• **Problem to work on**:
The required answer is the run of lines from the one holding "Kadın Oversize Geniş" to the end of the data below, copied exactly and free of pictures.

• **Exercise input**:

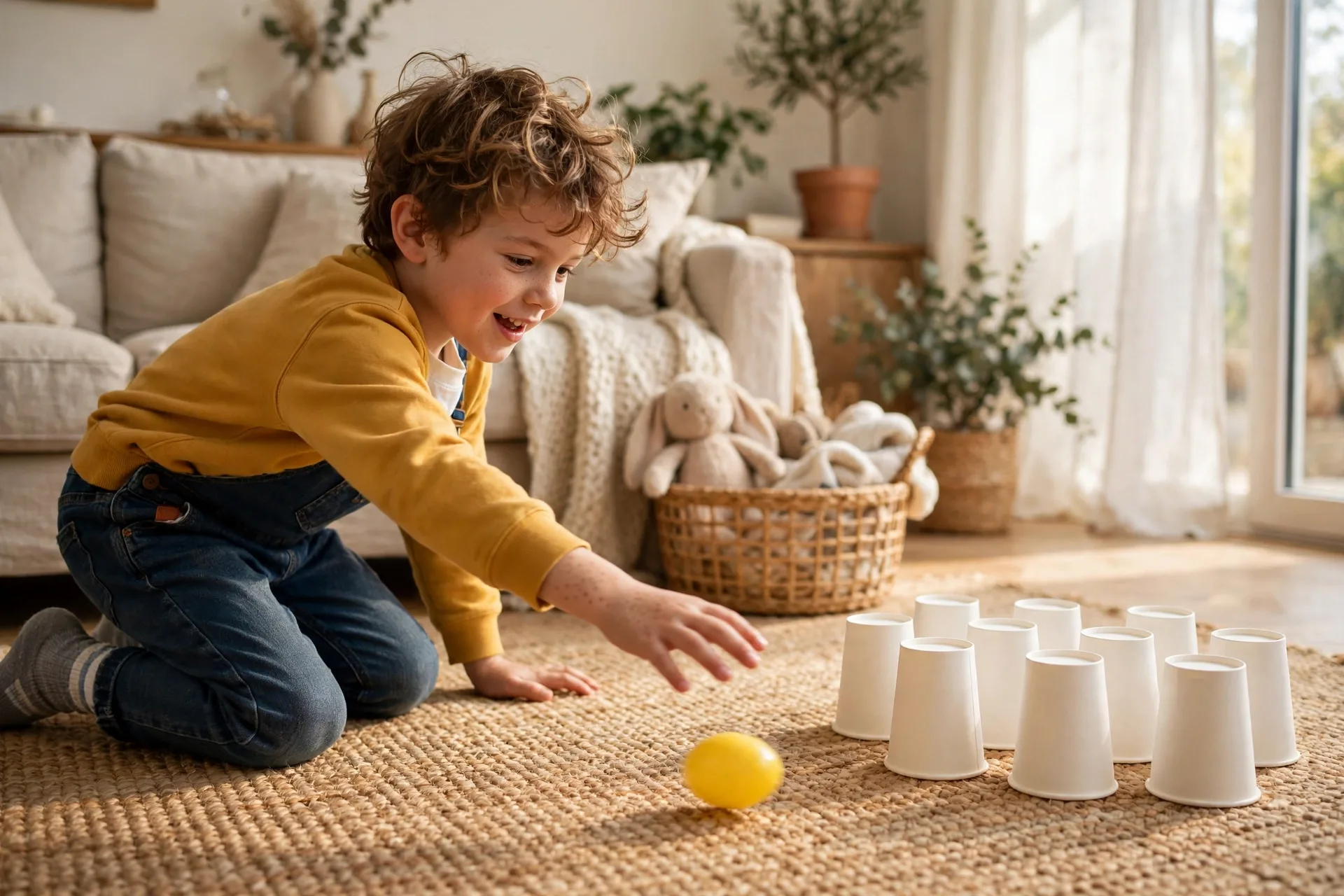 A child rolling a plastic egg toward a row of paper cup pins on the living room floor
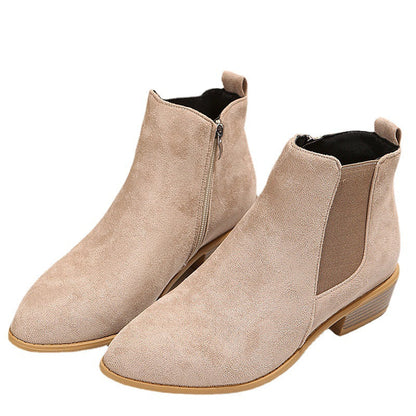 Elizabeth Ainsley Suede Ankle Boots - Thick Heel Comfort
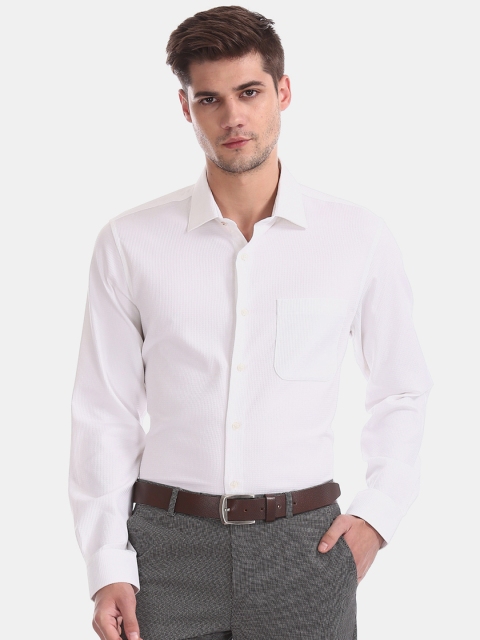 

AD By Arvind Men White Slim Fit Self Design Formal Shirt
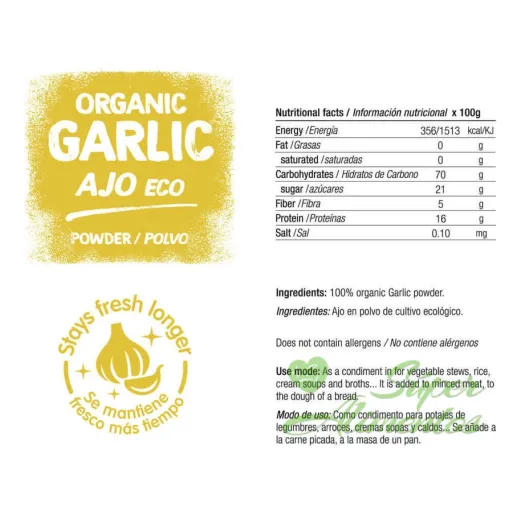 Comprar ajo deshidratado ecológico en polvo a granel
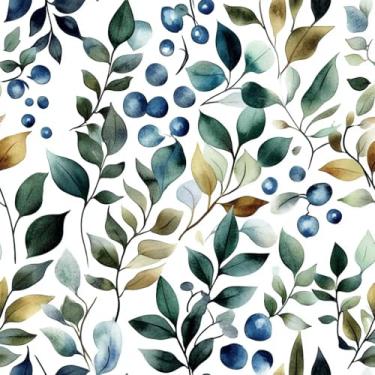 Imagem de MAGAFA Papel de parede de folhas de aquarela autoadesivo azul verde e marrom folhas removíveis papel de contato berçário quarto mural decorativo de parede 45 x 599 cm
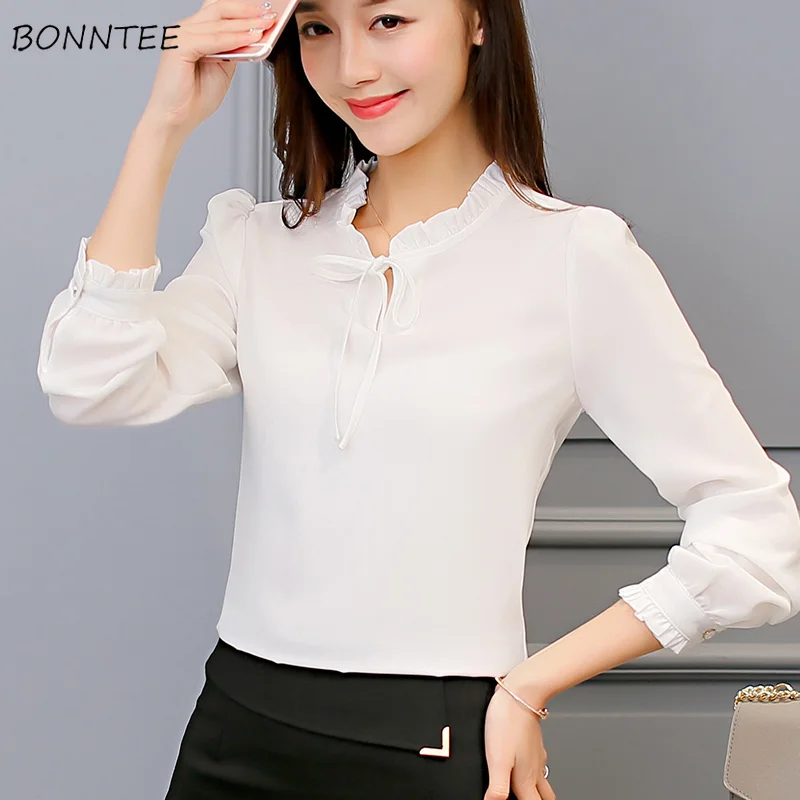 

Blouses Women 2020 Simple Trendy Solid Lovely Womens Chiffon Pullover Korean Style Loose Full Sleeve Females Blouse Chic Cute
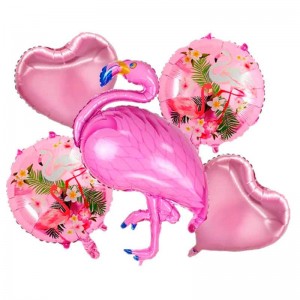 Шарики фольгированные розовые «Набор из 5 шт Фламинго» на День рожденье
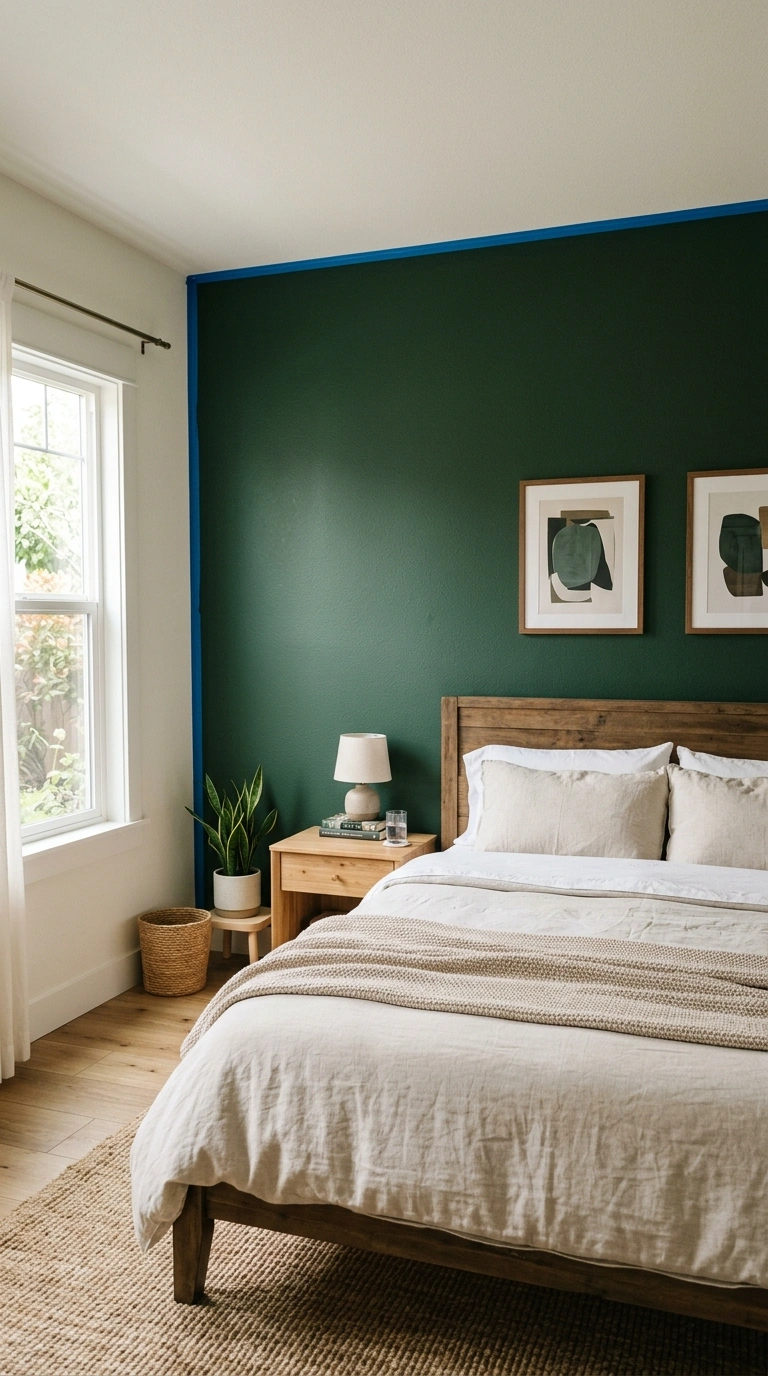 016 Painted Accent Wall A bedroom with a deep green pa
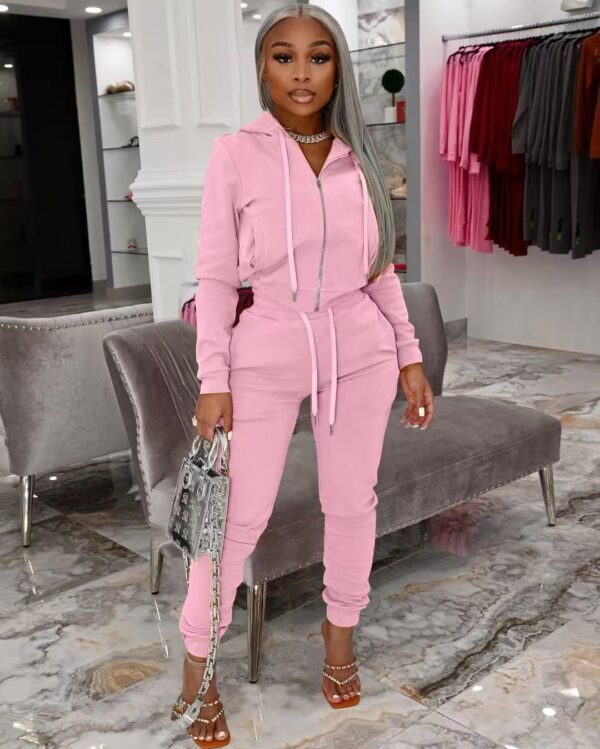 Fashionable women's velvet fabric hooded zipper casual suit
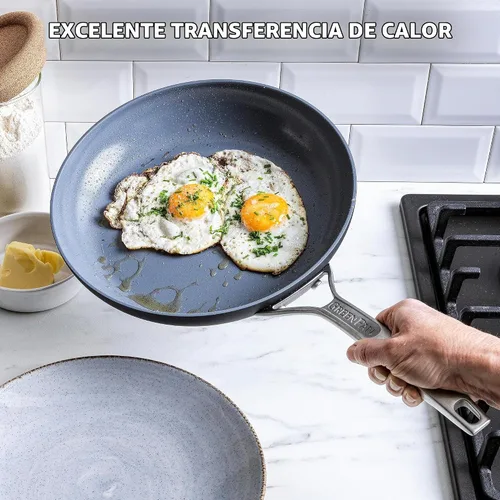 Vista 4 de GreenPan Paris Sartén de cerámica antiadherente anodizada dura de 10 pulgadas, 8 pulgadas, Gris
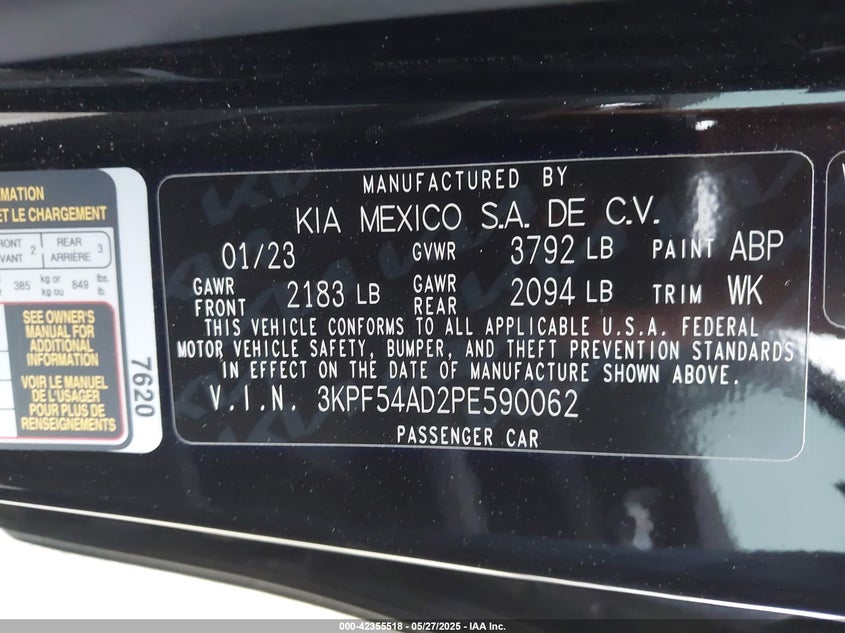 2023 KIA FORTE 2L I4   N(VIN: 3KPF54AD2PE590062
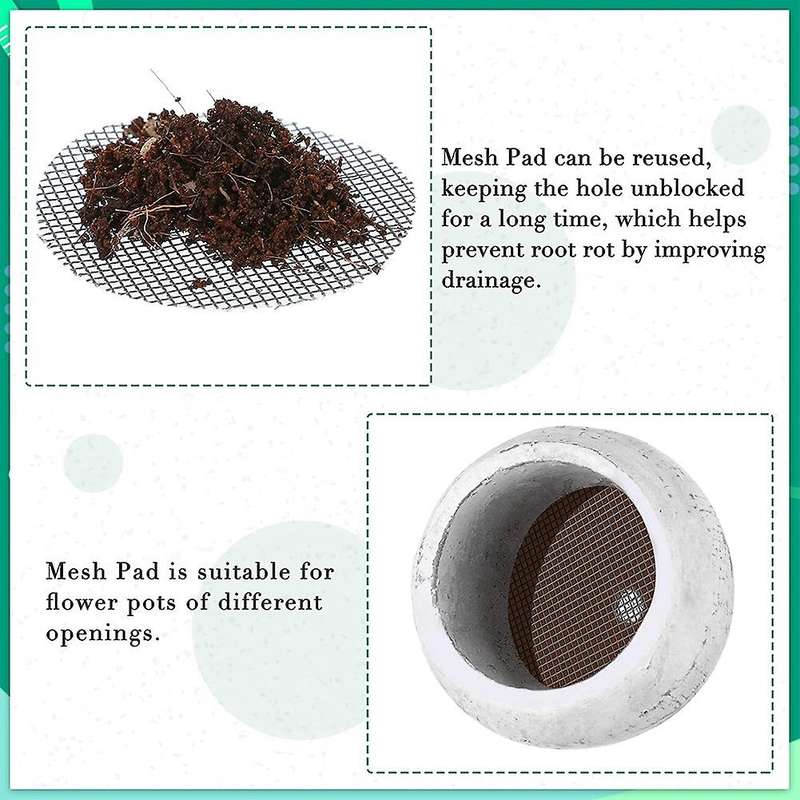 200 Pieces Round Mesh for Plant Pot Gardening Pad Plant Pot Mesh Pad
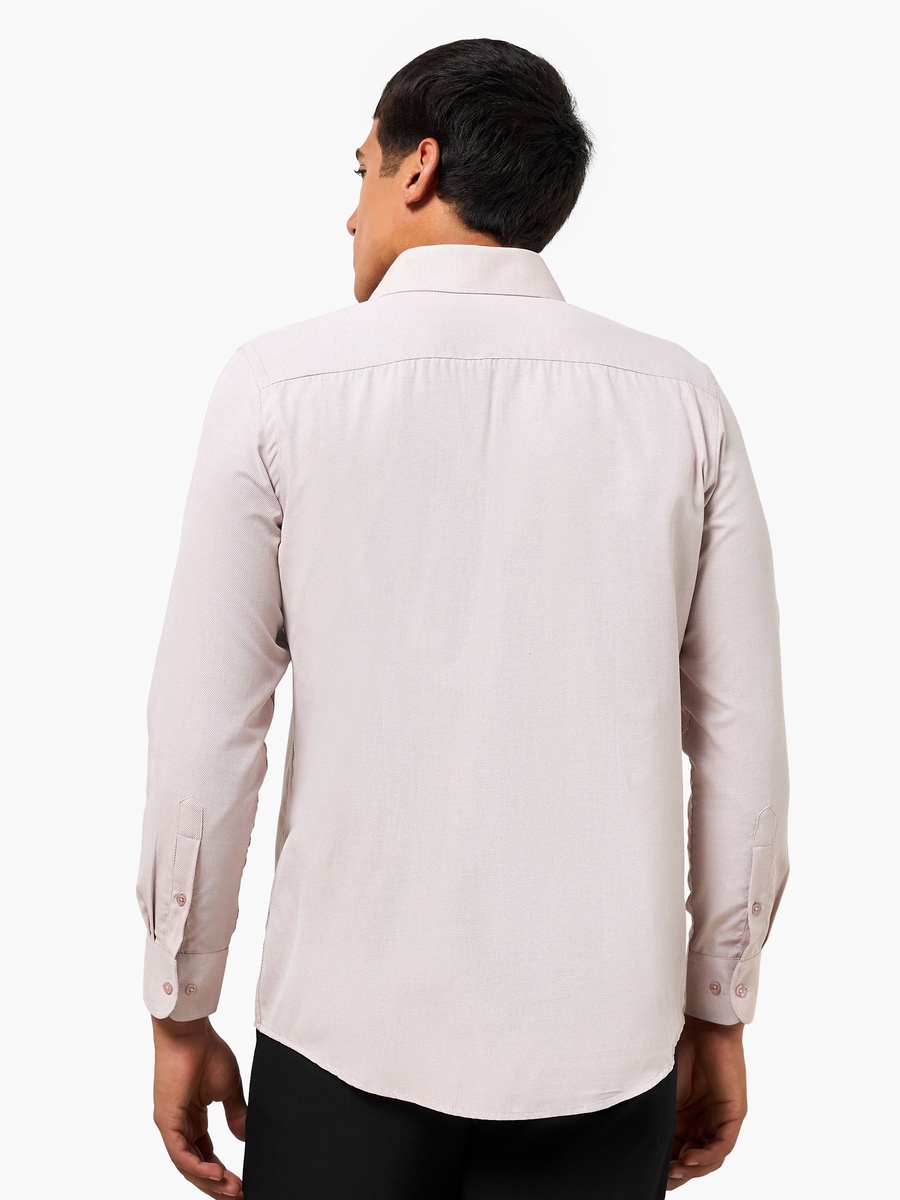 Men Regular Fit Collared Textured Long Sleeve Shirt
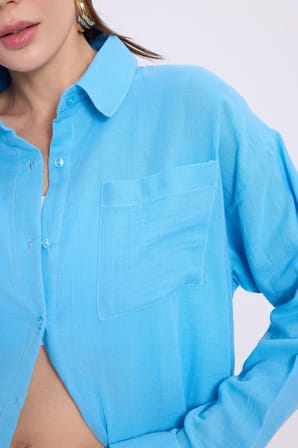 Kadın Oversize Geniş Kesim %100 Pamuk Müslin Kumaş Uzun Kollu Cepli Dokulu Mavi Gömlek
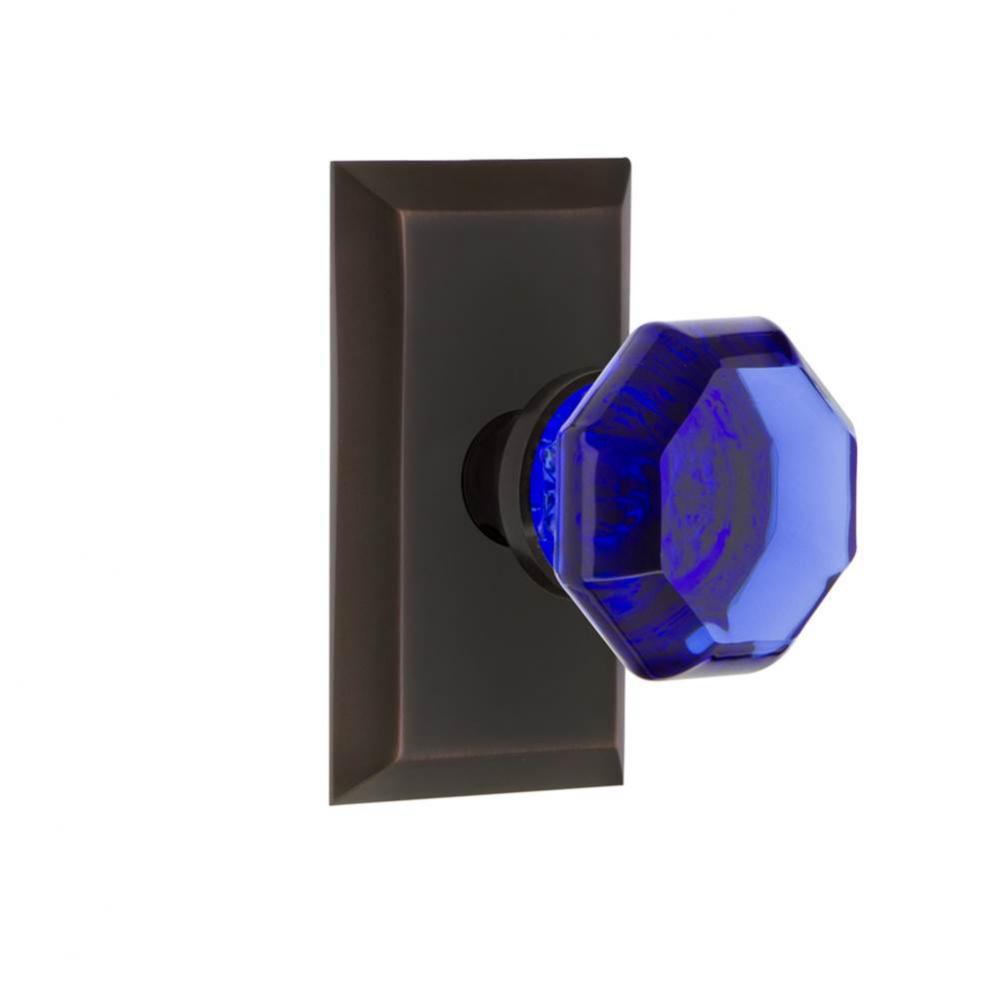 Nostalgic Warehouse Studio Plate Passage Waldorf Cobalt Door Knob in Timeless Bronze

• **Completed task**:
 Kadın Oversize Geniş Kesim %100 Pamuk Müslin Kumaş Uzun Kollu Cepli Dokulu Mavi Gömlek
 Nostalgic Warehouse Studio Plate Passage Waldorf Cobalt Door Knob in Timeless Bronze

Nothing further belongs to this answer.